### DATA FOR ANALYSIS
··········
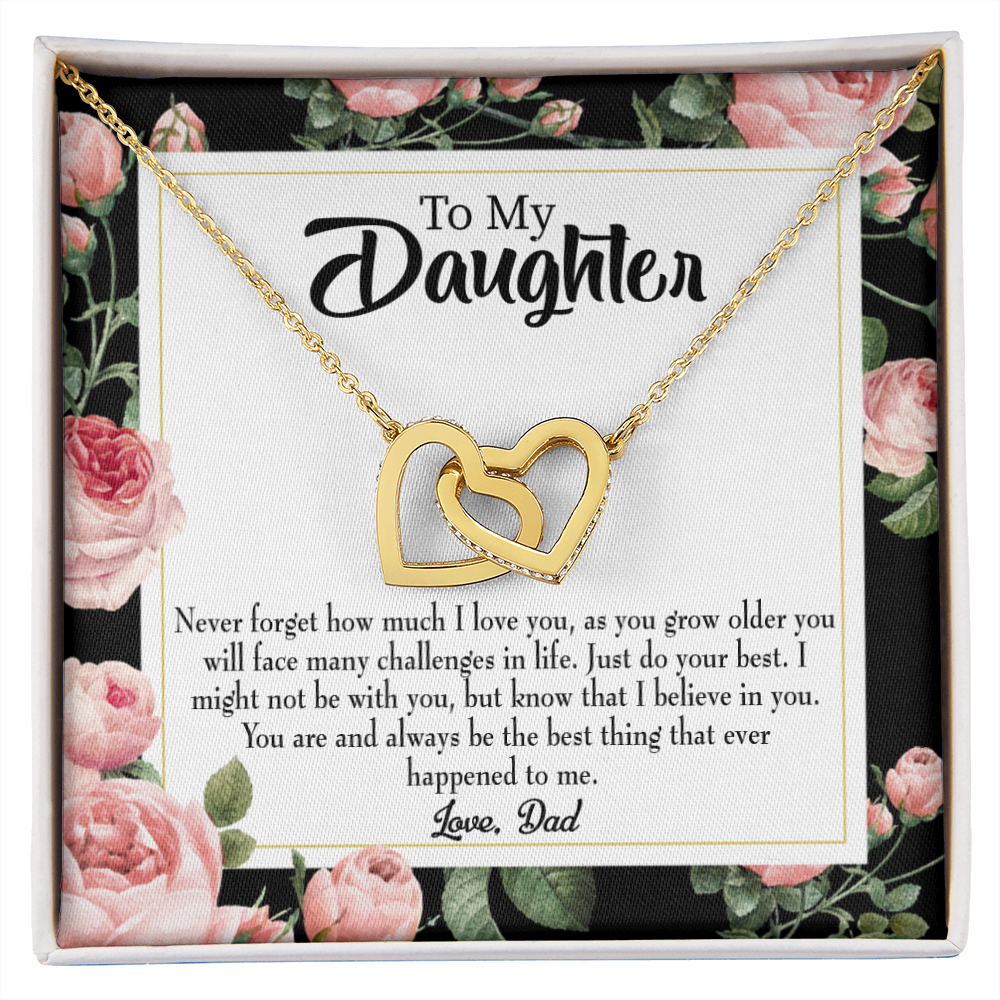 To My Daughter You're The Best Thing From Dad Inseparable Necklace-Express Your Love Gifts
··········
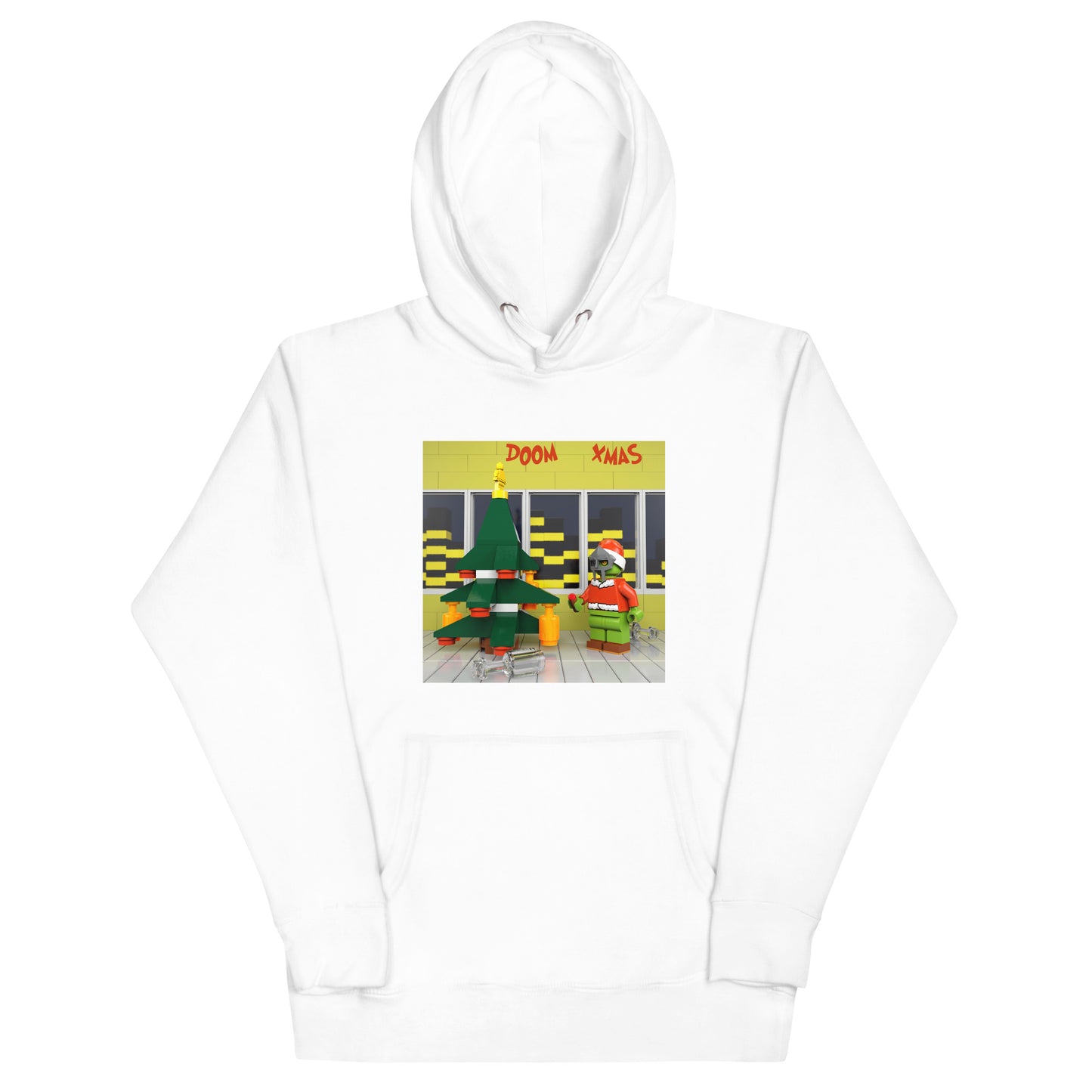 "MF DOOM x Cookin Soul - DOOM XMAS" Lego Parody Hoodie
··········
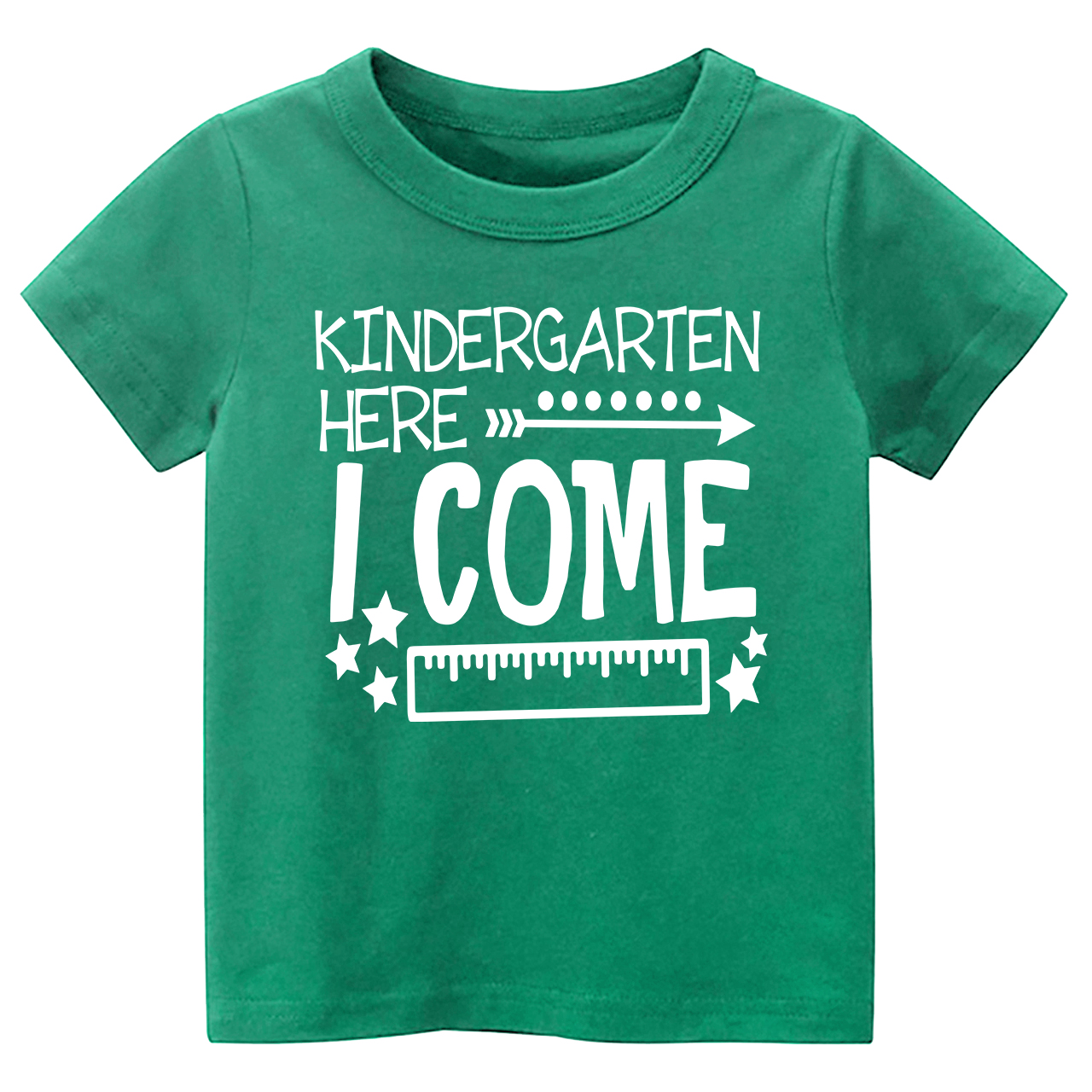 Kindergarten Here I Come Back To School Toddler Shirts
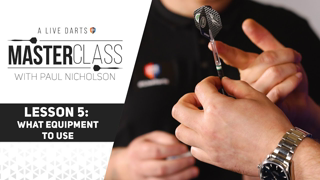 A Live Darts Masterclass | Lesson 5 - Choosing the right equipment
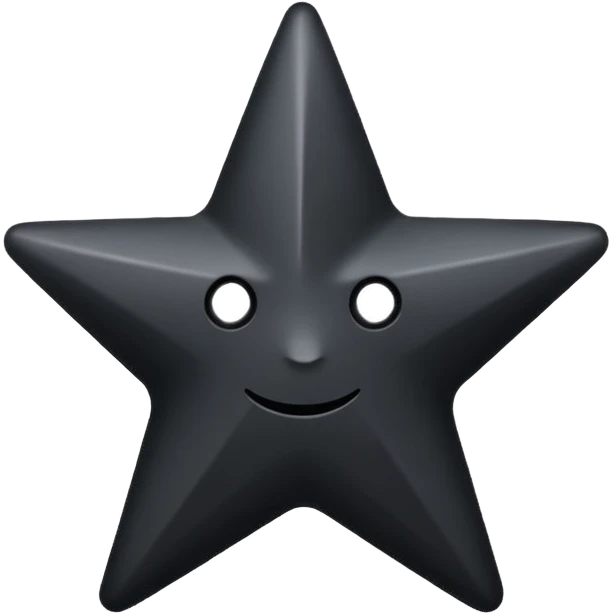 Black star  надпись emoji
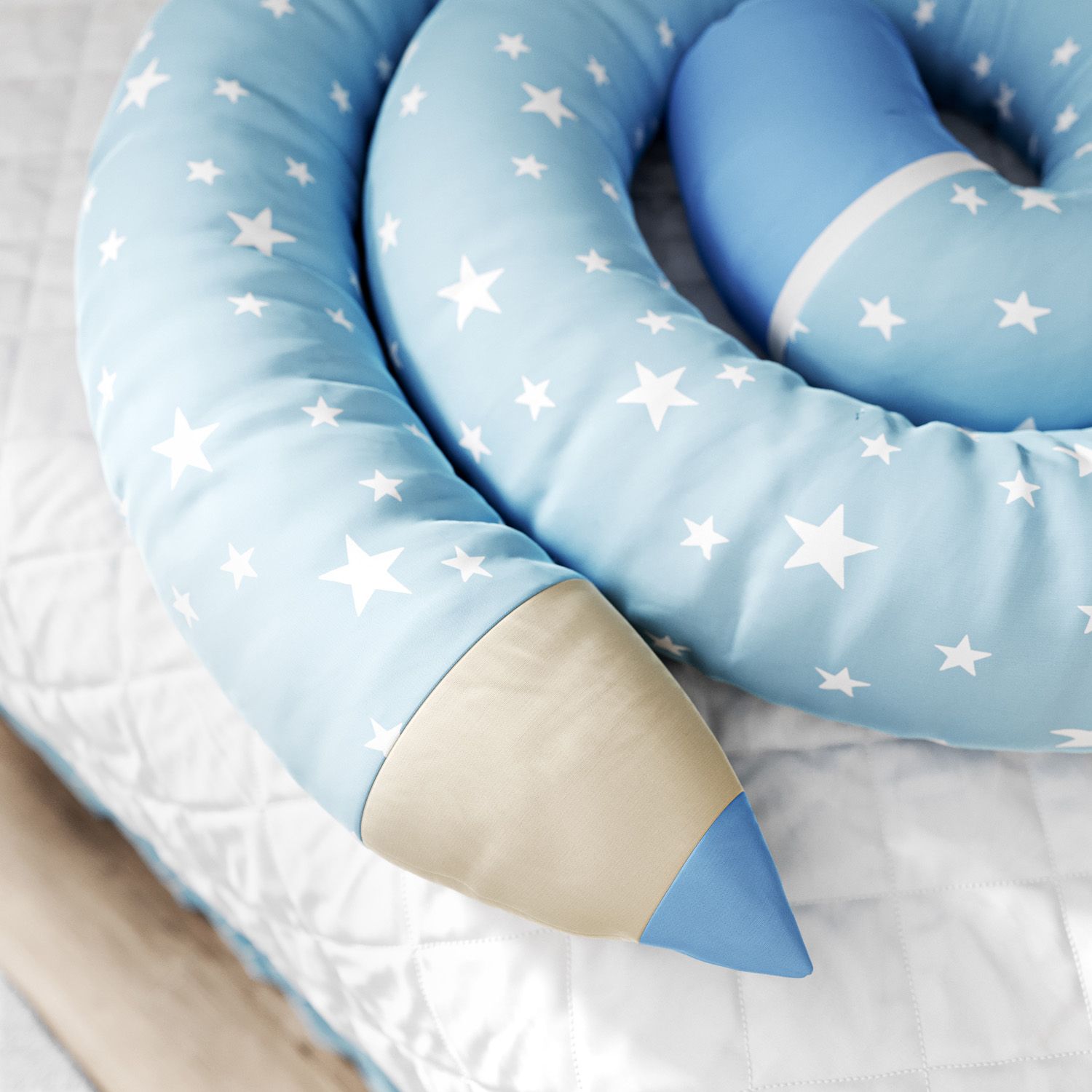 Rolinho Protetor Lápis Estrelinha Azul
··········
### WHAT IS BEING ASKED
A word-for-word reproduction is needed of the lines above from the line containing "Kindergarten Here I" through the line containing "Rolinho Protetor Lápis Estrelinha Azul", with both ends kept and no pictures.

### TASK ANSWER
 Kindergarten Here I Come Back To School Toddler Shirts
 A Live Darts Masterclass | Lesson 5 - Choosing the right equipment
 Black star  надпись emoji
 Rolinho Protetor Lápis Estrelinha Azul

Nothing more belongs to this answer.